The McKinsey Global
Institute’s March 2013 report, Financial
Globalization: Retreat or Reset?, does a masterful job detailing and
dissecting the shrinking of cross-border capital flows since the economic
crisis of 2007/2008. However, while the
report suggests such a trend may lead to sluggish or stifled recovery of our
interconnected global economy, and suggests interventions policy makers and
financial institutions should consider to reset things to make them right, I believe McKinsey has
misinterpreted the cause and effect relationship between capital flow and
economic vitality and misunderstands that reduction in flow is rarely a driving
force behind economic downturn or malaise—merely a reflection. Therefore, no interventions are necessary.
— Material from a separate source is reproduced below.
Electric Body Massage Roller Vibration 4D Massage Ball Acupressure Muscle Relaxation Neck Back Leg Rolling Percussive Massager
Capital flows eased during
and after the Great Recession because crashed economies needed less capital and
are recovering slowly. Economies did not stall because of insufficient capital. In languid economies
worldwide there is less consumption and less demand, therefore less production
and, certainly, less need for capital to facilitate plant construction,
expansion, or inventory build up. Thus, we see less call for investment
dollars—less issuance of corporate bonds or stocks, less clamoring for loans, and less need, in turn, for banks to increase assets to provide funding for loans either
domestically or beyond our borders.
Indeed, lack of demand and uncertainty over the future U.S. fiscal and
economic picture accounts not just for the absence of capital flow toward U.S.
companies or toward greater U.S. investment opportunities abroad, but also for
the nearly $2 trillion U.S. corporations are known to have sitting on their balance sheets.
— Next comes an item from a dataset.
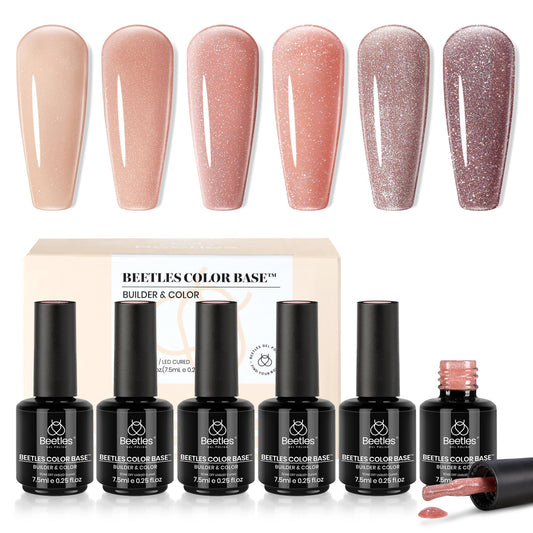 Beetles Rubber Base Color Gel Nail Polish, 6 Colors 5 IN 1 Nude Rubber Base Gel Neutral Sheer Pink Peach Glitter Gel Nail Polish for Thin Nails Soak Off Nail Art Design Gifs for Women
In addition, banks and non-bank
financial institutions here and abroad, having only lately severed the taxpayer bailout
umbilical and embarrassed by the public exposure of their past orgy of reckless
risk taking, rather than writing more cross-border junk loans or resuming their proprietary
trading gambling games, are shedding billions in toxic assets and reacquainting
themselves, however reluctantly, with sound underwriting practices.
In conclusion, a sound supply
of capital is the handmaiden of a thriving economy, but not its creator. Entrepreneurial vision, a solid work ethic,
and a dog-eared guidebook of best business practices are the creators of
economic vibrancy. Not capital flow. Resumed capital flow will inexorably track economic recuperation. Even without McKinsey’s suggested capital policy interventions, the light will
shine again and economies, fed by wiser and safer investment practices, will flourish until history’s cycle of amnesia and greed produces new
credit-fueled bubbles and the latest near-Armageddon.